Genome-Wide Differences in DNA Methylation Changes in Two Contrasting Rice Genotypes in Response to Drought Conditions.

Differences in drought stress tolerance within diverse rice genotypes have been attributed to genetic diversity and epigenetic alterations. DNA methylation is an important epigenetic modification that influences diverse biological processes, but its effects on rice drought stress tolerance are poorly understood. In this study, methylated DNA immunoprecipitation sequencing and an Affymetrix GeneChip rice genome array were used to profile the DNA methylation patterns and transcriptomes of the drought-tolerant introgression line DK151 and its drought-sensitive recurrent parent IR64 under drought and control conditions. The introgression of donor genomic DNA induced genome-wide DNA methylation changes in DK151 plants. A total of 1190 differentially methylated regions (DMRs) were detected between the two genotypes under normal growth conditions, and the DMR-associated genes in DK151 plants were mainly related to stress response, programmed cell death, and nutrient reservoir activity, which are implicated to constitutive drought stress tolerance.

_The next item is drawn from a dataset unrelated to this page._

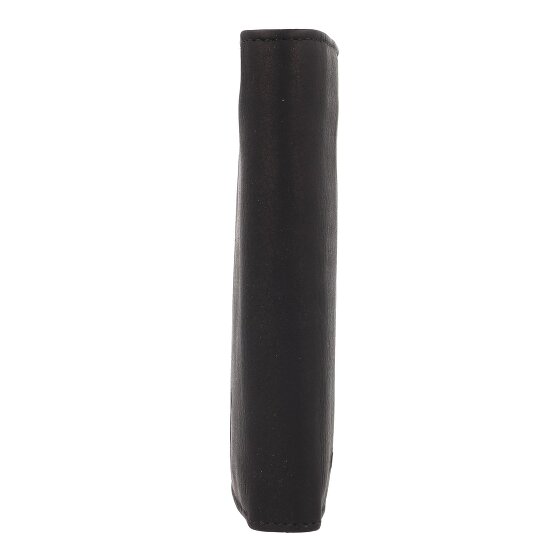 Jack Kinsky Aruba Portafoglio Protezione RFID Pelle 12.5 cm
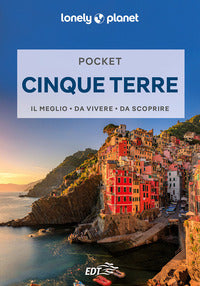Cinque terre - edt pocket 2024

A comparison of the DNA methylation changes in the two genotypes under drought conditions indicated that DK151 plants have a more stable methylome, with only 92 drought-induced DMRs, than IR64 plants with 506 DMRs. Gene ontology analyses of the DMR-associated genes in drought-stressed plants revealed that changes to the DNA methylation status of genotype-specific genes are associated with the epigenetic regulation of drought stress responses. Transcriptome analysis further helped to identify a set of 12 and 23 DMR-associated genes that were differentially expressed in DK151 and IR64, respectively, under drought stress compared with respective controls. Correlation analysis indicated that DNA methylation has various effects on gene expression, implying that it affects gene expression directly or indirectly through diverse regulatory pathways. Our results indicate that drought-induced alterations to DNA methylation may influence an epigenetic mechanism that regulates the expression of unique genes responsible for drought stress tolerance.